Correlation between User_Count and Sales:

Figure X shows an interesting correlation: across all 4 clusters, the number of users leaving reviews had a stronger correlation with the global sales than the actual mean score left by those users. This is consistent with the variable importance table, which shows that the two most important variables were Global_Sales and User_Count. One interpretation of this is that the best-selling games are not necessarily ones that are of high quality (higher score), but ones that catch the attention of users online. It is possible that games that are unique, controversial and generate more discussion are more likely to stand out and market themselves through word-of-mouth, compared to games that work on safe, established formulae. This is related to Jonah Berger’s Contagious Theory, which highlights the importance of sharing content online as one of the key drivers for how products and ideas catch on.

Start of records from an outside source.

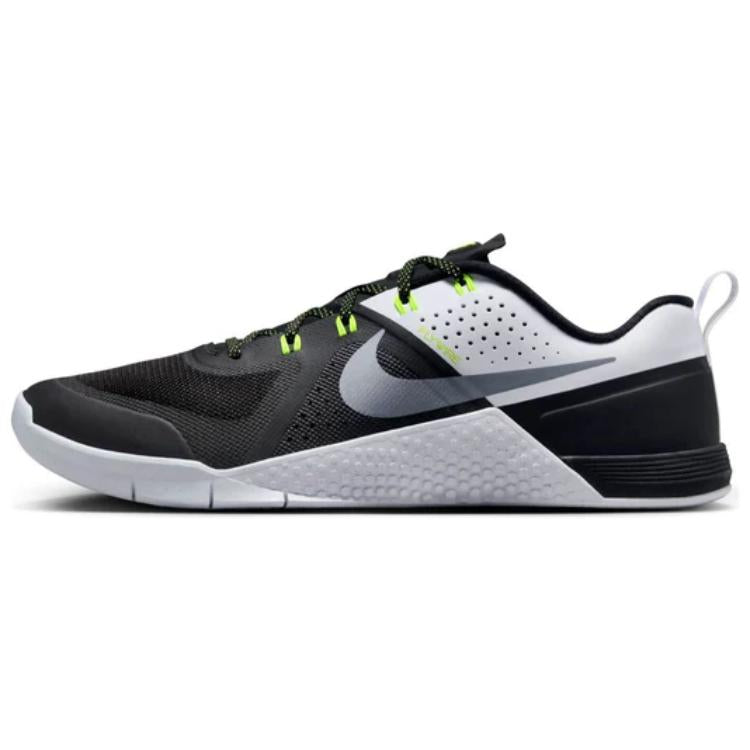 ナイキ メトコン Nike Metcon 1 OG "Black/White/Metallic Cool Grey" FQ1854-002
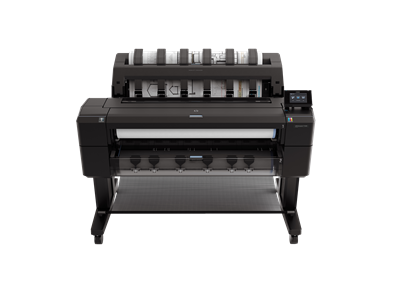 HP DesignJet T1530 ePrinter Druckerpatronen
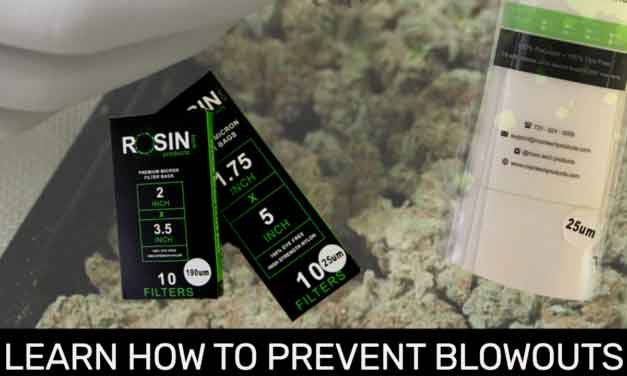 How to Avoid Filter Bag Blowouts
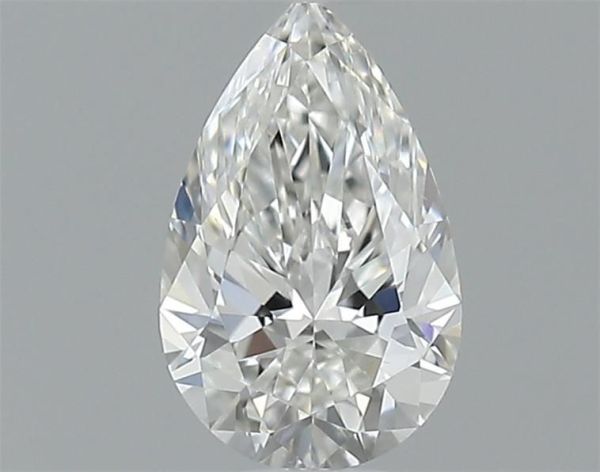 Pear Diamond image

Japan Sales for games in Cluster 2:

The anomalous behavior of Japan sales in Cluster 2 points to demographic differences in players in Japan vs. other regions. Video games that did well in Japan did well elsewhere as well, however games that were popular in NA and EU were, on average, much less popular in Japan. Japanese developer Keiji Inafune attributed this difference to the fundamental difference in style preferences between Eastern and Western players. He notes that while Japanese players grow up watching anime and manga and prefer more fantasy games, western players are used to realistic movies and TV shows, and prefer the same in their video games. [2] These findings can help publishers and creators understand their users’ preferences. The importance of this finding is that Western publishers should spend greater effort trying to popularize their games in Japan, since it is the third largest video game market in the world. By understanding what works in Japan and replicating those traits in their games, Western developers can help their games become much stronger competition to native Japanese games.

Conclusion

The discussed analysis gave a few answers to the questions we began with. It found actionable insights which can be used by both sides of the aisle, creators and publishers to enhance user experience and increase revenue. To highlight a few of them:

● Newer platforms like XBOX, PS2, PS3, etc. had high sales which can be attributed to the fact that many players already have such platforms and hence it makes sense to make games which are compatible with these platforms.
● The importance of customer centricity in product life cycle. Western video game creators and publishers would do well to understand the fundamental difference between eastern and western players as delineated before, to get a foothold in the lucrative Japanese market.
● The importance of traction and a game’s ability to create a ‘buzz’ as a way to generate publicity and higher global sales.